Evans was the only Bahamian to achieve a FINA A Olympic qualifying standard during the Tokyo 2020 qualifying period, having hit a 4:07.33 400 freestyle at the 2021 Longhorn Aquatics Elite Invite in Austin, Texas in May. That swim for Evans was just under the 4:07.90 FINA A cut and got her within a second of her 4:06.60 PB. Evans posted that 4:06.60 lifetime best at the Rio 2016 Olympic Games which was good enough for a 13th place finish.
Evans has represented the Bahamas a number of times internationally since Rio and swam the 400 free at the 2018 Commonwealth Games (4:08.82, 4th) and the 2019 World Championships (4:11.06, 16th). Evans also collected gold for her country in the 200, 400, and 1500 freestyles at the 2018 Central American and Caribbean Games and took silver in the 400 and bronze in the 800 and the 2019 World University Games.
Collegiately, Evan has represented the University of Texas between 2015 and 2019 and has continued to train at Texas since her graduation. Evans ended her NCAA career at Texas as an 11-time Big 12 Champion and currently holds the 500 freestyle (4:35.05) and 1650 freestyle (15:51.74) school records.

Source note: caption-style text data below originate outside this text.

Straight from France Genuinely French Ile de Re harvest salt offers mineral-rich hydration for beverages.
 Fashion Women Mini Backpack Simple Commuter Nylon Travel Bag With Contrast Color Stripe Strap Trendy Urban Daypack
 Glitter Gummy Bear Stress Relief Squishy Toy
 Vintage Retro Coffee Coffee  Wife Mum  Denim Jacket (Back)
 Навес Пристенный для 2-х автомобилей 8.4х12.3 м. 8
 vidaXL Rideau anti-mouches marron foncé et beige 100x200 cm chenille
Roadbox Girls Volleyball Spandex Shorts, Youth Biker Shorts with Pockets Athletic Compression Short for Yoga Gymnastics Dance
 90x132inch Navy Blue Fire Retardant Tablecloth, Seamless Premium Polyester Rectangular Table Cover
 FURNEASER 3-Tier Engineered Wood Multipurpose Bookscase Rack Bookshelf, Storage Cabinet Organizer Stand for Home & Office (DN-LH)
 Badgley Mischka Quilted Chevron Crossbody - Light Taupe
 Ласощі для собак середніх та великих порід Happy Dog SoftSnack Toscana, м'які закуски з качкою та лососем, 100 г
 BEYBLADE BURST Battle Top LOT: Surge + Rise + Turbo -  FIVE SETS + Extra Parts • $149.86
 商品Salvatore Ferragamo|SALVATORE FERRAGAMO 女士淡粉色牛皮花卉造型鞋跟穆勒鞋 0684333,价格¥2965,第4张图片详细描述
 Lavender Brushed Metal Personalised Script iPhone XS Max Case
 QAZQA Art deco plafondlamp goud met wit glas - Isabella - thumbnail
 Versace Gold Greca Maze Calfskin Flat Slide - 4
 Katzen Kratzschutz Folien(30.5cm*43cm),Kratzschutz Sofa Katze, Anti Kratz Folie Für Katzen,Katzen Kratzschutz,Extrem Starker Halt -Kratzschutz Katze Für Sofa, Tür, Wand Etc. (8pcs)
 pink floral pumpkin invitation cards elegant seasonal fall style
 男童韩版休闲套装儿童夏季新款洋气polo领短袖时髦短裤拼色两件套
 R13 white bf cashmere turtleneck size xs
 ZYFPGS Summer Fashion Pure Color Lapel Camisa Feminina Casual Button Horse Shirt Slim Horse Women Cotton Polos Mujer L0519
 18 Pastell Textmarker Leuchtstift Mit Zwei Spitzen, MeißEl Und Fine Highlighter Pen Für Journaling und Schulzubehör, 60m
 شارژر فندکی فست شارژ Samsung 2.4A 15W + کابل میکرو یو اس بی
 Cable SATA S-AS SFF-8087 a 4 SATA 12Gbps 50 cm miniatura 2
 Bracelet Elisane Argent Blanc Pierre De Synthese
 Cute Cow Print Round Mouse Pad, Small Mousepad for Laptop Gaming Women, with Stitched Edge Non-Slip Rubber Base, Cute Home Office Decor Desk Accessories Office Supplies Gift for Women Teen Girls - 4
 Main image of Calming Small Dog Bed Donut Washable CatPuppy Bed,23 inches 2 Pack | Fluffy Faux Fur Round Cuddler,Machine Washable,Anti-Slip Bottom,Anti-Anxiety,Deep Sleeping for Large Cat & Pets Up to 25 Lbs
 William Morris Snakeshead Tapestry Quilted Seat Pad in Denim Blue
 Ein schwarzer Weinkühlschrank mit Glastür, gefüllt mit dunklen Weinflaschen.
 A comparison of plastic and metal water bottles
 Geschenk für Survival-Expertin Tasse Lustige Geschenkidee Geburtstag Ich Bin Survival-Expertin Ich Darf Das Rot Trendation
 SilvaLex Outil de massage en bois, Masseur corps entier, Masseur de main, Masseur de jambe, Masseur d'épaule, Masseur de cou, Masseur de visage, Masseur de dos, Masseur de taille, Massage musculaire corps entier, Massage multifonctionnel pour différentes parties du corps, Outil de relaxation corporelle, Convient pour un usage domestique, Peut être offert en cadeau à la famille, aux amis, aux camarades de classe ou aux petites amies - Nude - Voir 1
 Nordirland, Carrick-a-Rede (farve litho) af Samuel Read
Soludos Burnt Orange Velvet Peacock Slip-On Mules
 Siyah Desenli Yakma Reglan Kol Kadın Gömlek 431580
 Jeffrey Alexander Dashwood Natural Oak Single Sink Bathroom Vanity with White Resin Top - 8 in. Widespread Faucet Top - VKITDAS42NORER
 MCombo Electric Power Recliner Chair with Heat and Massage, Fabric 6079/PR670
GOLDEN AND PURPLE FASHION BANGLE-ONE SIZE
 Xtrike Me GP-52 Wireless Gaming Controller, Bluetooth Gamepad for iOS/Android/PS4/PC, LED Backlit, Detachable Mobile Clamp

While Evans qualified via the FINA A cut route, Izaak Bastian was selected by Bahamas Aquatics as the top-ranking male in the country to have swum a FINA B qualifying standard. Bastian recently hit a 1:00.87 in the men’s 100 breaststroke at the 2021 Bahamas National Championships which undercut the 1:01.73 FINA B standard while hovering above the 59.93 FINA A. The swim for Bastian marked a new national record in the event which was actually 1 of 3 NRs he set at the meet, having also broken the 50 breast mark with a 27.60 and the 200 breast with a 2:15.14.
Like Bastian, Laura Morley managed to notch a FINA B cut at the recent Bahamian National Swimming Championships, hitting a 2:28.12 in the 200 breast. That was under the 2:29.89 B standard but trailed the 2:25.52 FINA A. According to the selection rules set forth by FINA, Morley’s B cut could potentially earn her an invitation to the Games. Once all FINA A qualifiers are invited (to a maximum of 2 per gender per event per country), individuals with FINA B cuts are invited based on individual world rankings in their event until the maximum quota of Olympic athletes has been hit.
This will be the first Olympics since 2004 that Arianna Vanderpool-Wallace will not be racing for the Bahamas, having swum at the 2008, 2012, and 2016 versions of the Games. Vanderpool-Wallace’s top finish at the Olympics came at Rio 2016 when she delivered a 24.60 in the women’s 50 freestyle to finish 9th overall in the semi-final. That 9th place finish for Vanderpool-Wallace is actually the highest placing swim by any Bahamian at an Olympic Games meaning that no one from the country has ever qualified for an Olympic final.